5 Insurance Scams That Made the Headlines

FraudsWatch
Insurance Scams
Insurance Scams

There’s a dark side to worldwide travel insurancethe fraud. The trouble is, it’s notoriously hard to disprove fraudulent claims – especially in the travel sector and hundreds of people get away with it every year. Indeed, it’s estimated to cost companies millions of pounds every year, and the extent of the problem is evidenced by this fact: there have been more worldwide travel insurance claims for Rolex watches, than have ever been manufactured. It’s amusing on one level, but financially crippling on another – and damaging for all the honest types, who suffer higher premiums as a result.

Of course, there are far more risky instances of insurance fraud that have been taken – and often they’ve gone wrong in spectacular fashion. Here are 5 of the most memorable…

5. Mr Derek Nicholson

Derek Nicholson and his partner Jottie Nagle were accused of faking a drowning for a $1,000,000 insurance scam. Having taken out the life insurance policy just four days before the incident, it instantly seemed suspicious. After Nagle was told that she could not claim the life insurance policy for 12 years without a body, Mr Nicholson placed a call to the police claiming to have seen one matching his description, but this all unravelled when he was later found alive and well in New York. Despite pleading “not guilty” and claiming past confessions were not valid, they were convicted in 2004, and face a maximum 5 years imprisonment on the conspiracy charge and a maximum 6 years on the false distress charge.

4. Gaylan Sweet

This insurance scam is different from the others, as it actually is an inside job! Gaylan Sweet was a claims adjuster for Allstate insurance who concocted a scheme to share to defraud his company and pocket the money. Over 10 years, he pulled the same insurance scam twice, roping in two people to pose as parents of an imaginary child killed by an equally imaginary drunk driver and pocketing over $700,000 in the process. The case was a mixture of real and imaginary people: real deputy sheriffs’ names were on police forms (though had never actually been involved in the case), real doctors had treated the fake children and there were various invented witnesses confirming the ‘facts’. Sweet and his accomplices were eventually arrested in 2002 and jailed for five years for insurance fraud.

3. Mr John Magno

John Magno is currently awaiting trial for arson in relation to insurance fraud. In 2001, there was the biggest fire in Toronto’s history at Woodbine Building Supply – due to its almost residential location, more than 50 families were forced to evacuate their homes on Christmas morning. Of the two individuals assumed to have committed the arson – Tony Jarcevic and Sam Paskalis – the former died and the latter was severely burned and left in a coma.

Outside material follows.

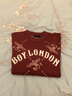 BOY LONDON【紅酒派對】冬季情侶毛衣套頭圓領(lǐng)酒紅色上衣N60906 酒紅色 XS 曬單實(shí)拍圖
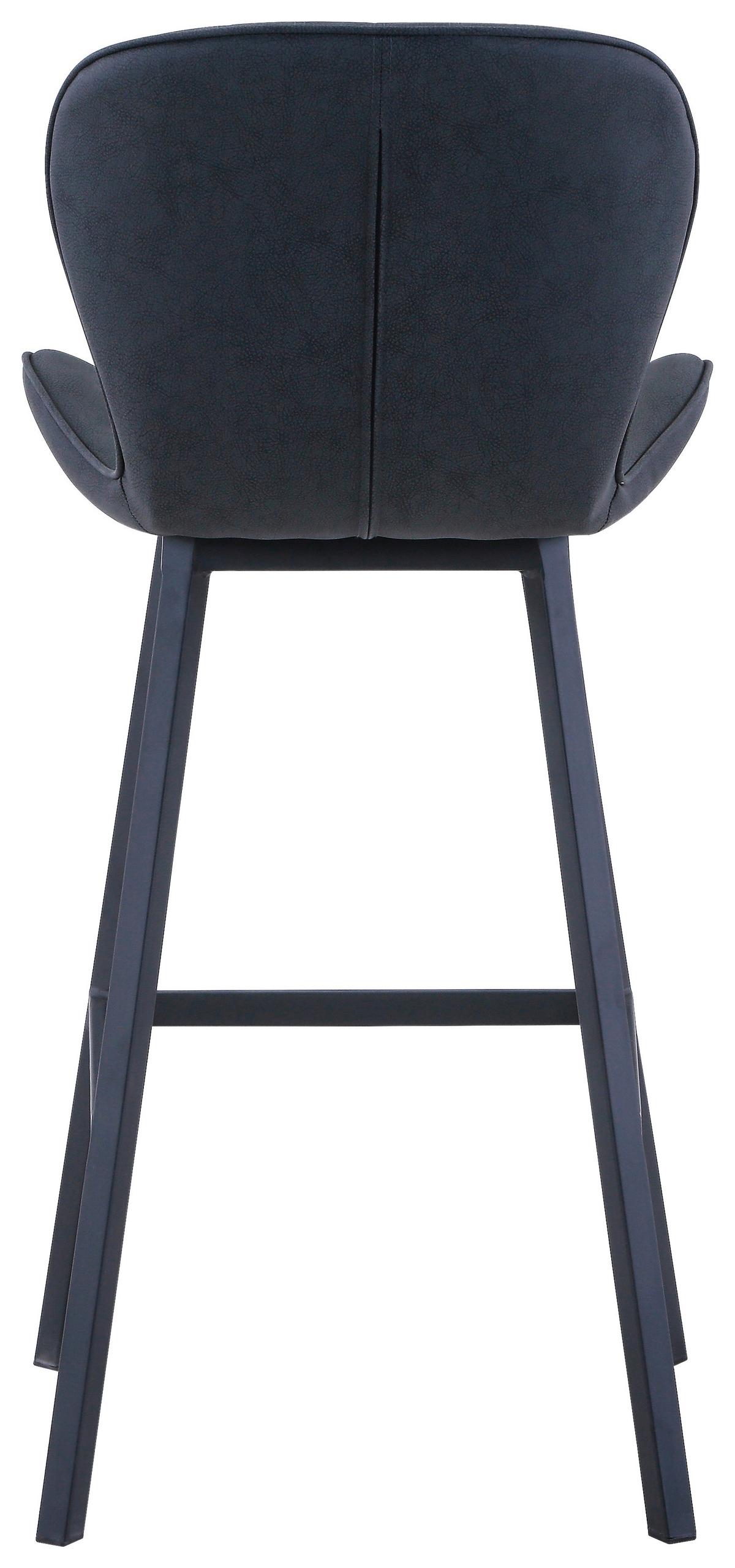 Barski Stol Ben - siva/črna, Moderno, kovina/tekstil (48/106/58cm)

Paskalis later admitted his involvement in the alleged scheme. Magno himself had increased his insurance two months before the incident and tried to cash in the $3,500,000 insurance policy shortly after the “accident”.

2. Mr John Darwin

The most recent case in this list took the British media by storm when the full details were revealed. John Darwin went missing, assumed dead, after going canoeing in 2000. After a search turned up nothing, his wife claimed the insurance. Everything was quiet until December last year when the ‘dead man’ turned up in a London police station claiming memory loss and the belief that he was a missing person. This unravelled when a photo of the couple grinning together in Panama was revealed in the papers. Suffice it to say, the court found the couple to have lied to their children, their neighbours and police in aid of an insurance scam, and were both jailed for over six years for their scheme as their trial concluded last month.

1. Mr John Stonehouse, MP

But the most memorable instance of insurance fraud has to be the former Labour MP John Stonehouse. On November 20th 1974, he faked his suicide. Leaving behind only a pile of clothes on Miami beach, he was presumed dead – but actually heading to Australia to start a new life with his secretary Sheila Buckley. In an unlikely turn, he was found a month later by police who mistook him for the still illusive Lord Lucan! While awaiting trial in Brixton prison, he still remained a Labour MP, eventually resigning 3 weeks before his trial. This left the Labour party in a bind, as they were suddenly a minority government. They ended up forming a Liberal-Labour pact to stay in power until Thatcher’s election victory 3 years later.

As for Stonehouse, he was tried on 18 charges of theft, forgery and conspiracy to commit insurance fraud. He was sentenced to 7 years in prison, serving 3 of them before being released early due to his poor health.

Quite a lot of “Johns” in the list – perhaps that’s a clue for us, when looking at fraudulent worldwide travel insurance claims!

Of course, not everyone fakes their own death as part of an insurance scam – in 2007, Bosnian Amir Vehabovic staged his death to find out who his true friends were! After bribing undertakers to bury an empty coffin, he hid in the cemetery bushes to see how many of the 45 people invited appeared to show their respects. When only his mother showed up, Vehabovic was left sending angry letters to the missing parties!

As worldwide travel insurance scams are harder to prove, it’s no surprise there have been fewer high profile cases. It’s easier to explain the sudden appearance of a ‘stolen ipod’ than a man who died 5 years previously!